Tessa Evans, an ordinary young girl, has an extraordinary characteristic—she was born without a nose, a medical condition known as aplasia.
This rare anomaly has been reported only 47 times in the entire United Kingdom, making it an exceptionally uncommon occurrence.
Tessa, now eight years old, was diagnosed with this condition, also referred to as congenital absence of the nose, which meant she would have a relatively flat facial profile, a detail the ultrasound had hinted at.
During her 11th week of life, Tessa underwent a surgery to address a cataract issue, which unfortunately resulted in blindness in one eye.
In addition to this visual impairment, she was diagnosed with heart problems, adding further complexity to her health challenges.

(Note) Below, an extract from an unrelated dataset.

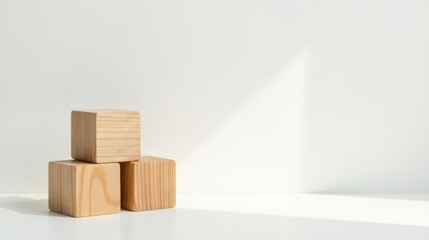 Obraz premium Simple Wooden Cubes on a White Surface, Illuminated by Soft Natural Light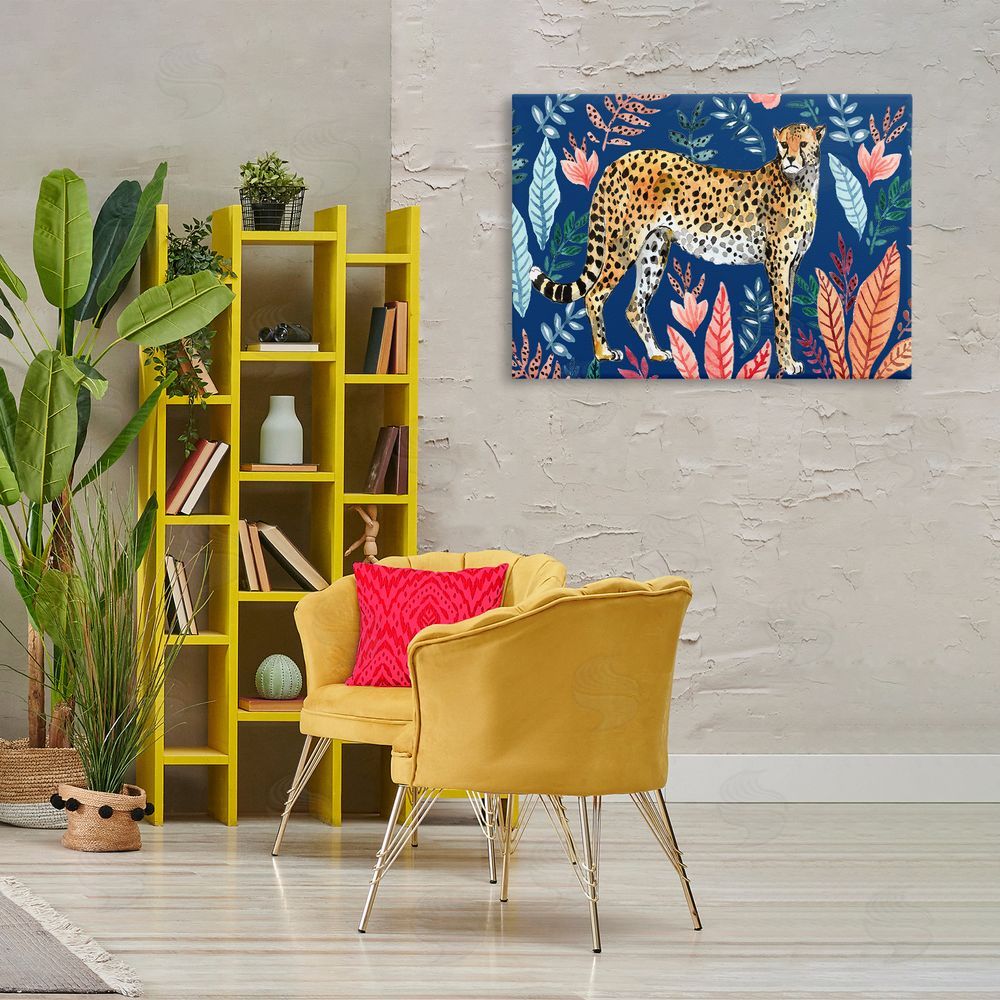 Elena Vladykina Jungle Plants & Cheetah Canvas Wall Art Print in Room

Tessa’s unique situation led to the necessity of a tracheostomy to facilitate breathing while eating, highlighting the intricate medical interventions required to address her specific needs.

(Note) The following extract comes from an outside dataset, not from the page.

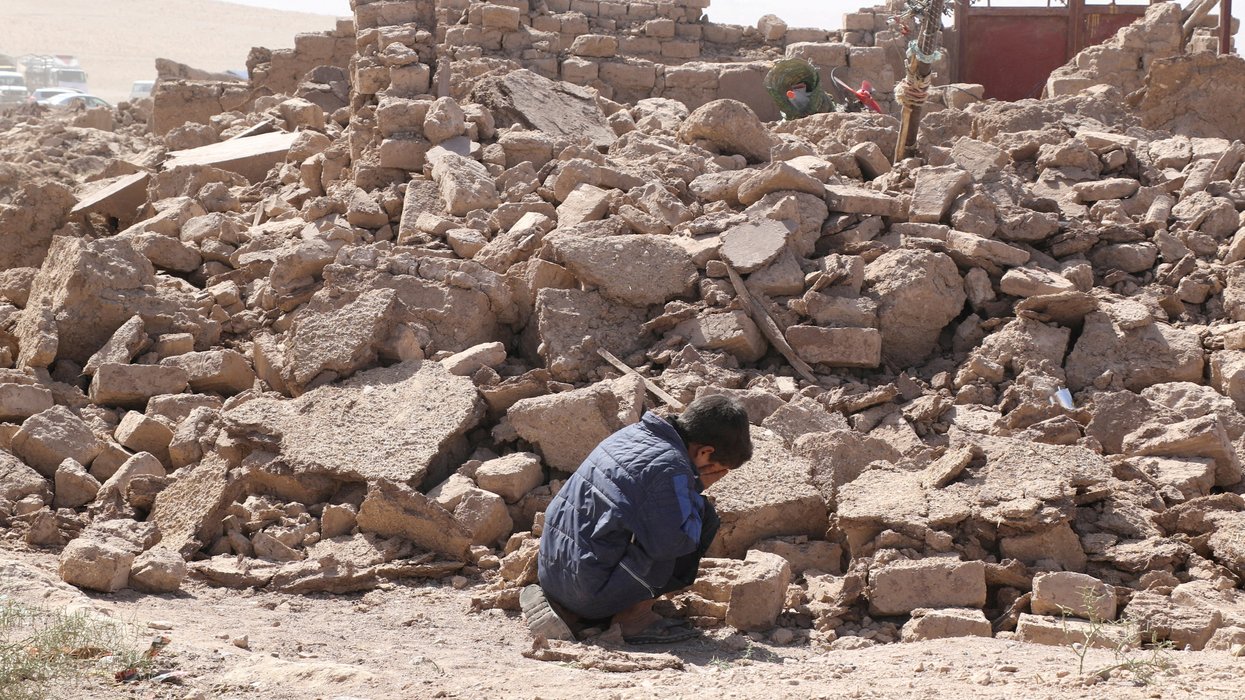 Rubble strewn landscape in Afghanistan following the earthquake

Despite being born without a nose and facing multiple health issues, Tessa’s family remains dedicated to her well-being.
The absence of sinuses leaves her susceptible to colds and respiratory challenges. However, her parents, having chosen not to terminate the pregnancy, continue to provide love and support for Tessa.
Looking ahead, the family plans to pursue surgical procedures to reshape Tessa’s nose, aiming to enhance her overall health and quality of life. Throughout her journey, Tessa maintains a cheerful disposition, showcasing resilience and strength in the face of adversity.